Finally, the selected classifiers were trained with the Tags and the Fairness datasets.

5.3 Testing

At the end of the Validation step, we obtained the best parameters to train and test our classifiers, on the testing set. All results about both the Tags and the Fairness datasets are shown in Table 4. Specifically, with regard to the Tags dataset, the better F1-score performance, i.e., 86%, is achieved by SVM, whereas for the Fairness dataset, the classifier with higher performance is RF, with a F1-score of 81%. SVM and RF achieved the higher values also for Precision and Recall scores. Therefore, the outcome of this analysis is the choice to implement the classifier to distinguish the tags by using SVM and the classifier to distinguish the fairness levels by using RF. In the Scikit-learn library, for the RF classifier, there is also the possibility of implementing the classes probabilities to have as output the probabilities of labels/classes instead of the labels/classes themselves. In a real usage scenario, therefore, we can rely on the clause’s probability in being fair, potentially unfair or unfair (e.g., instead of having fair/unfair as labels of clauses, we will have something like ”0.70 probability a given clause is unfair”).

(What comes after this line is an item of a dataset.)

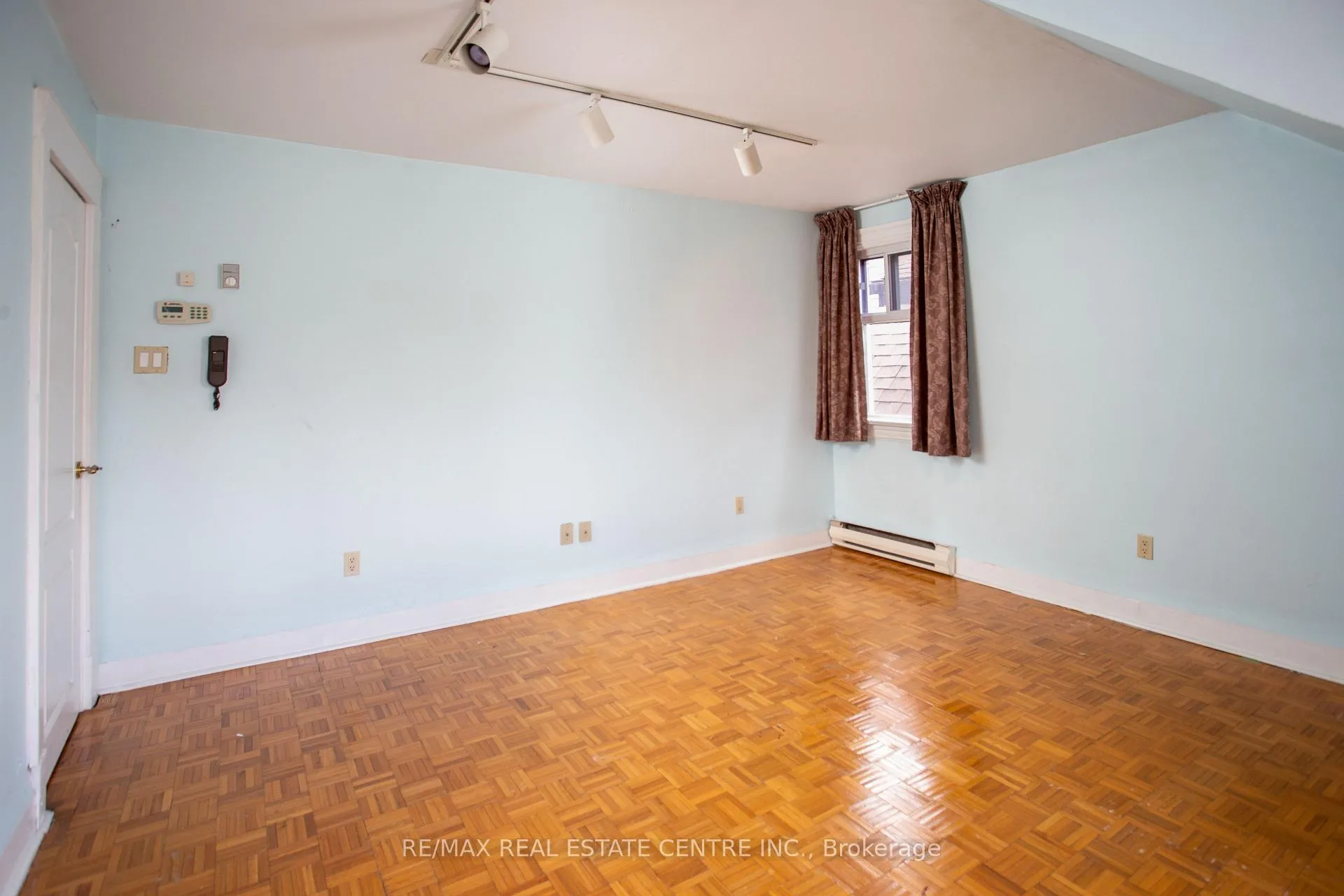 Photo 15 of 213 Indian Road, Toronto, High Park-Swansea — HOMEH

Table 4 Classifiers’ performance results for the Tags and Fairness datasets

5.4 Testing ”into the wild”

Very recently, researchers of ”The Atticus Project”Footnote 5 have made available the Contract Understanding Atticus Dataset (CUAD) v1, a corpus of more than 13,000 labels in 510 commercial legal contracts with rich expert annotations created to reduce the societal costs of contract review. The dataset has been manually labeled (with a year-long effort pushed forward by dozen of law student annotators, lawyers, and machine learning researchers) to identify 41 types of legal clauses in commercial contracts that are considered important in contract review in connection with a corporate transaction, including mergers & acquisitions, corporate finance, investments and IPOs [21]. Thus, we used this dataset as further testbed to evaluate the effectiveness of the Tags classifier (SVM+mUSE), in the classification of ToS clauses’ categories.

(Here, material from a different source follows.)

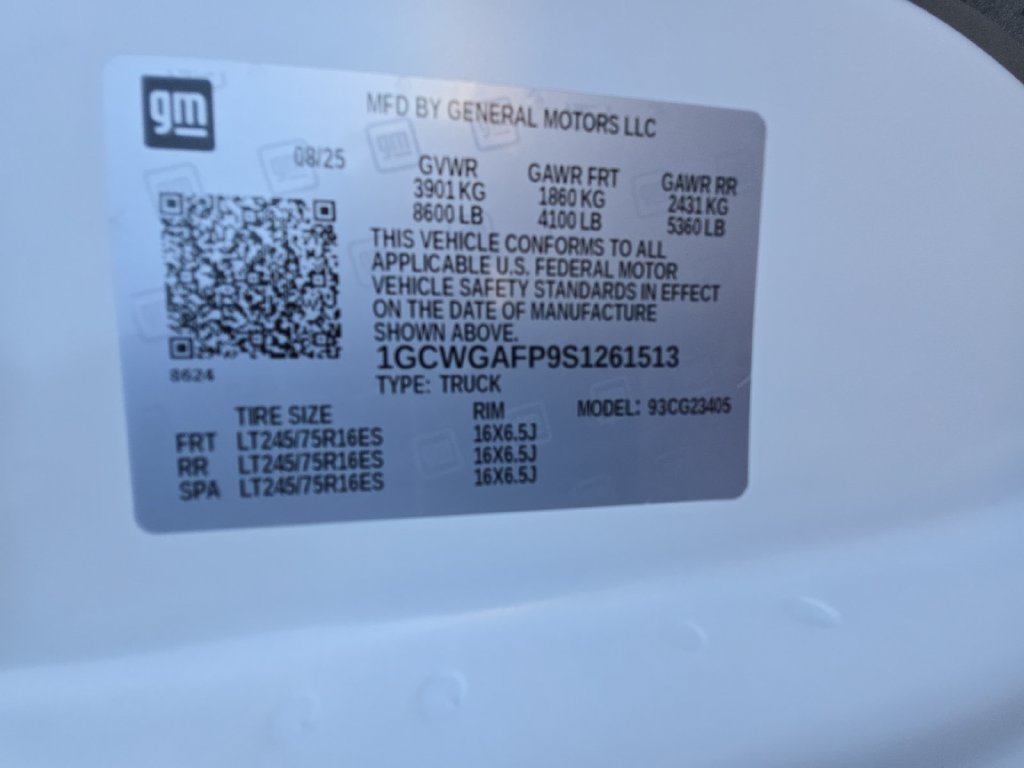 2025 Chevrolet Express Cargo Work Van - Photo 31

Since the CUADv1 dataset contains a larger number of legal clauses (41 against 9) for a different type of contracts (commercial contracts against ToS), we asked to one of our domain experts to assess whether there existed a mapping between with the different types of clauses. Our expert identified four types of common clauses, although they were indicated with a different nomenclature. Specifically, the mapping was the following: ”Change of Control”\(\rightarrow\) ch>, ”Governing Law”\(\rightarrow\) law>, ”Cap on Liability”\(\rightarrow\) ltd>, ”Termination for Convenience”\(\rightarrow\) ter>. The expert, thus, concluded his analysis with the following clauses: < ch>, < law>, < ltd>, and < ter> that could be further analyzed.

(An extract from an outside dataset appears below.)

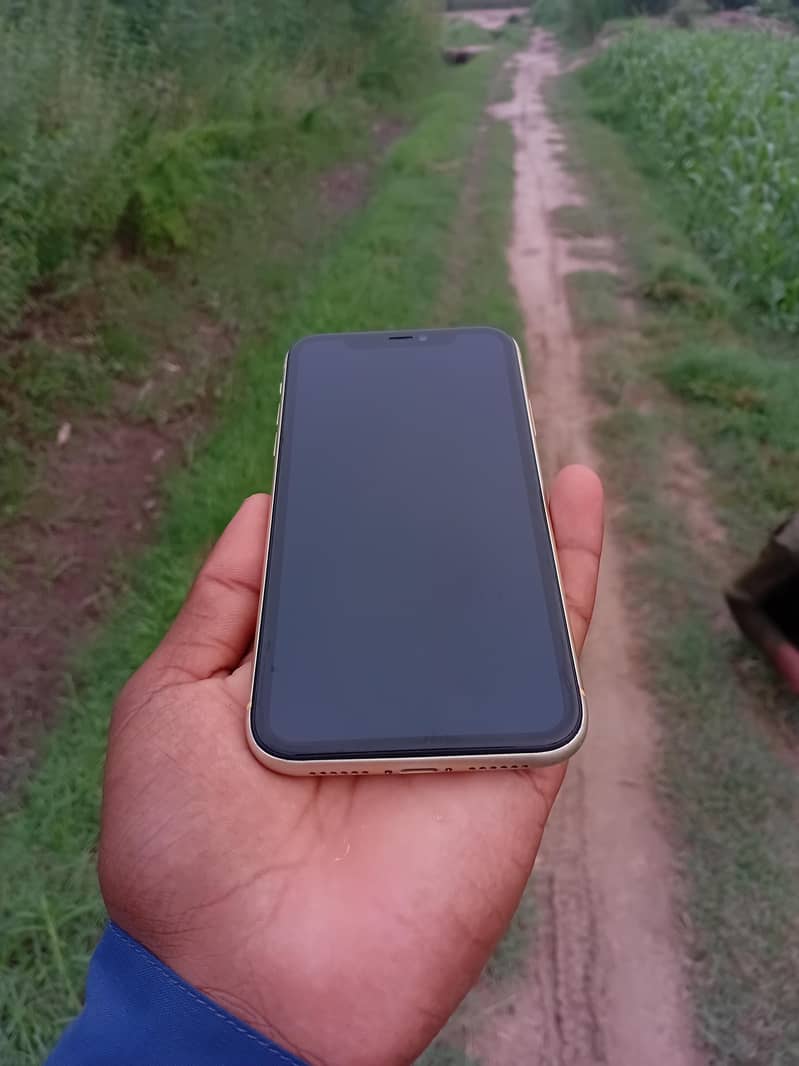 Apple iPhone 11 7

We report the results obtained in this phase in Table 5. We observe that, although on different kind of legal contracts, the proposed method exhibits encouraging performance with F1 scores ranging from 0.76 to 0.82. The motivations behind some errors are the following: There are some clauses belonging to < law> have been wrongly classified as < j>, since in many cases they refer to specific countries like < j> clauses do in our original dataset. In other cases, < ter> clauses have been wrongly classified as < ltd>, as an example for the following clause: ”Company at its sole discretion may at any time alter or cease providing the Customer Service which it has agreed to provide to Client relating to Client Website pursuant to this Agreement without any liability to Company.”

Table 5 SVM+mUSE performance on the CUADv1 dataset (only common clauses)

5.5 Comparison with state-of-the-art methods

The encouraging results obtained in the Testing step led us to proceed with the comparison of our approach with relevant works proposed in the literature. It is worth to note that, with regard to the category classification task, as discussed in Sect. 2, we compared our method with those presented in [31] and [36], i.e., the only relevant works presenting a similar approach for classifying unfair contractual terms. Instead, the Fairness-level classification method proposed here is the first attempt to classify clauses in three possible classes, i.e., fair, unfair and potentially unfair. Indeed, in [31] the authors faced a different problem, i.e., firstly how predicting whether a given sentence contains a (potentially) unfair clause and then how predicting the category to which this specific clause belongs to. Notwithstanding the lack of related works to which refer to for the efficacy of our fairness level classification method, we provide an in-depth analysis of our method’s capability when addressing this task.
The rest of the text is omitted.